• EXERCISE BRIEF
Return all the data below as it stands, minus the pictures.

• DATA EXCERPT
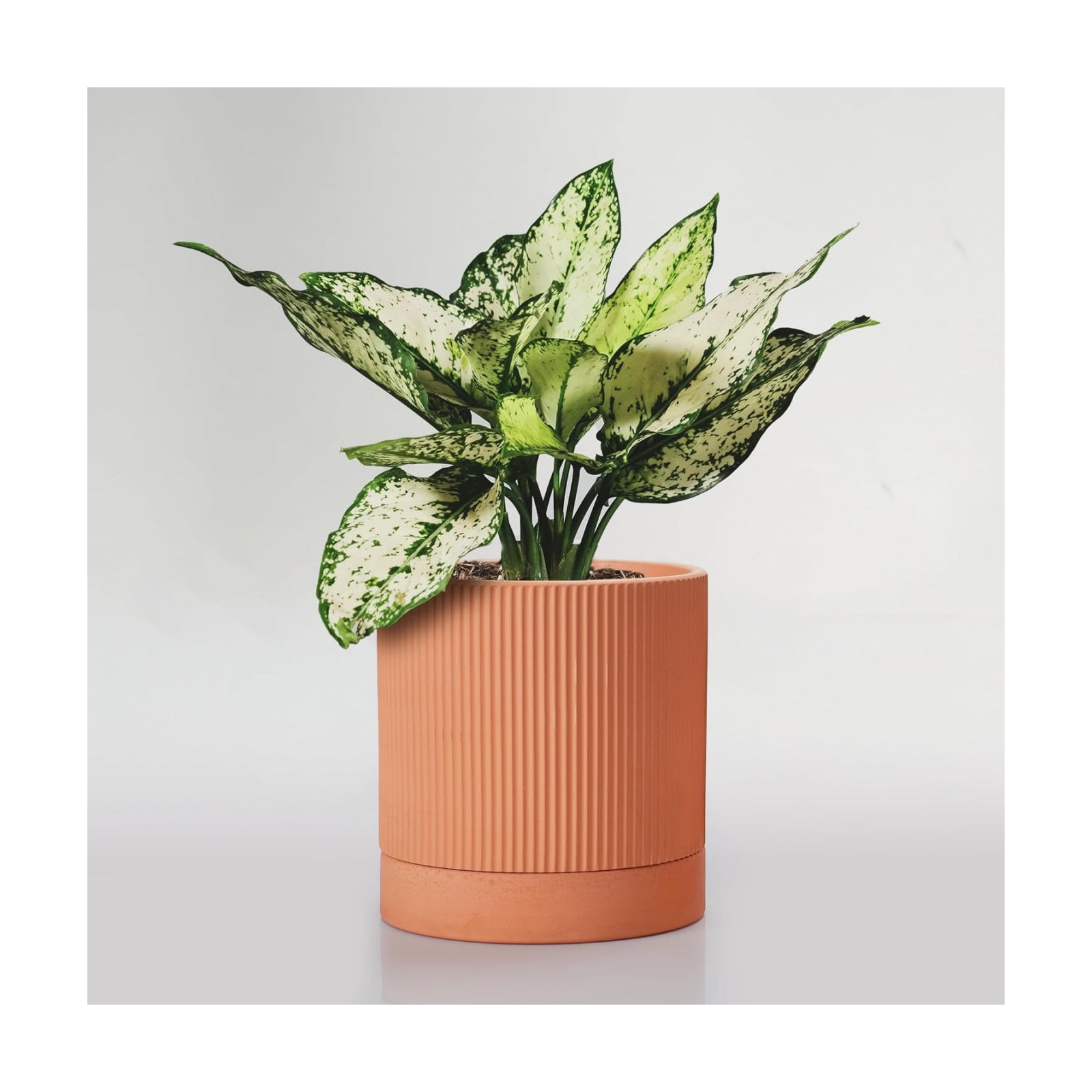 HERDUK Modern Terracotta Pots, 6 Inch Ribbed Textured Clay Planter Pots with Drainage Hole & Saucer, Garden Pots for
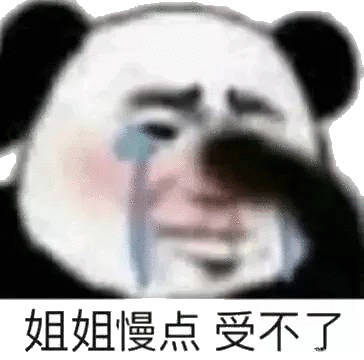 姐姐慢点受不了(流泪熊猫头)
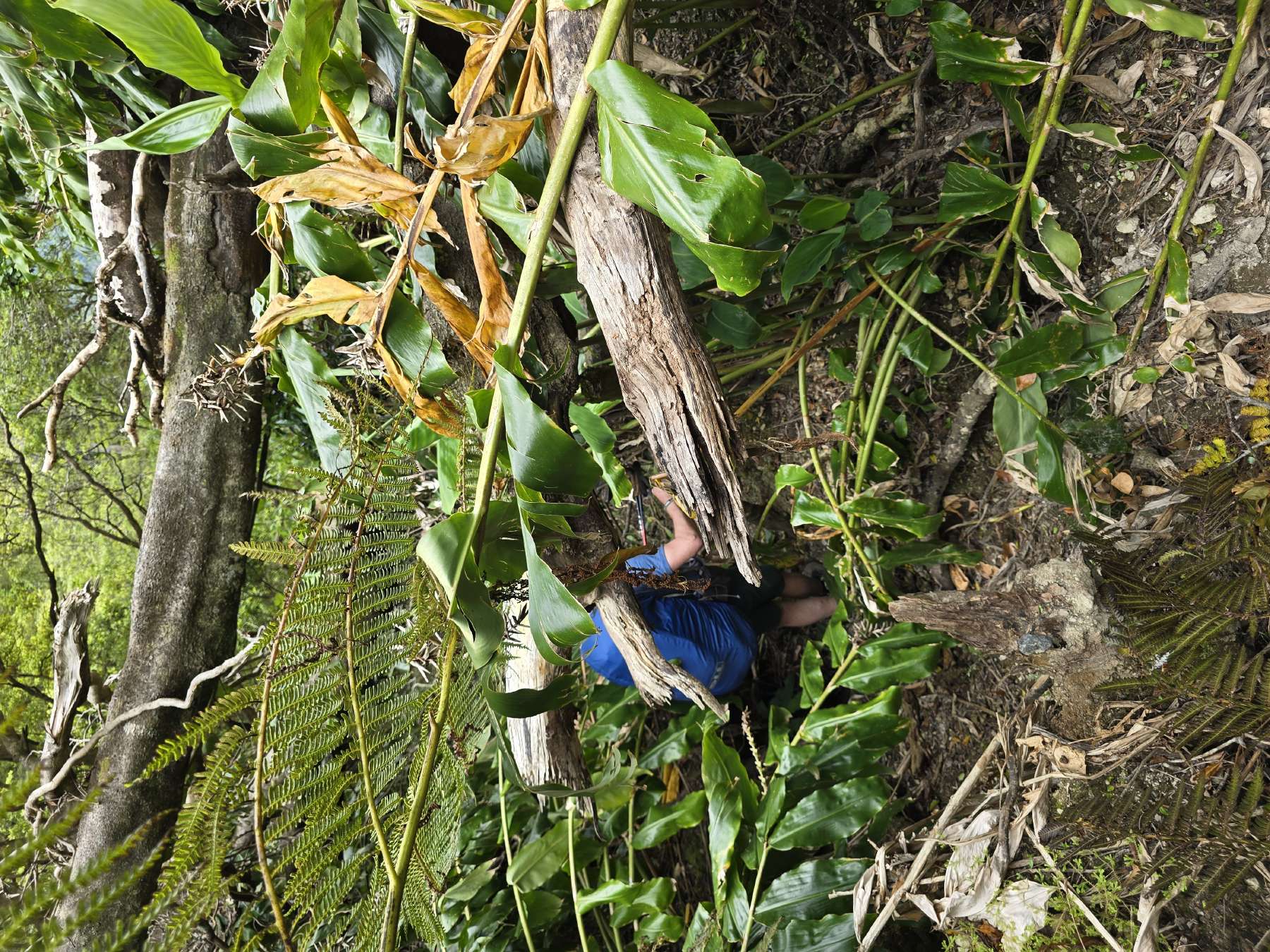 resized_DSC_0223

• RESPONSE AREA
 HERDUK Modern Terracotta Pots, 6 Inch Ribbed Textured Clay Planter Pots with Drainage Hole & Saucer, Garden Pots for
 姐姐慢点受不了(流泪熊猫头)
 resized_DSC_0223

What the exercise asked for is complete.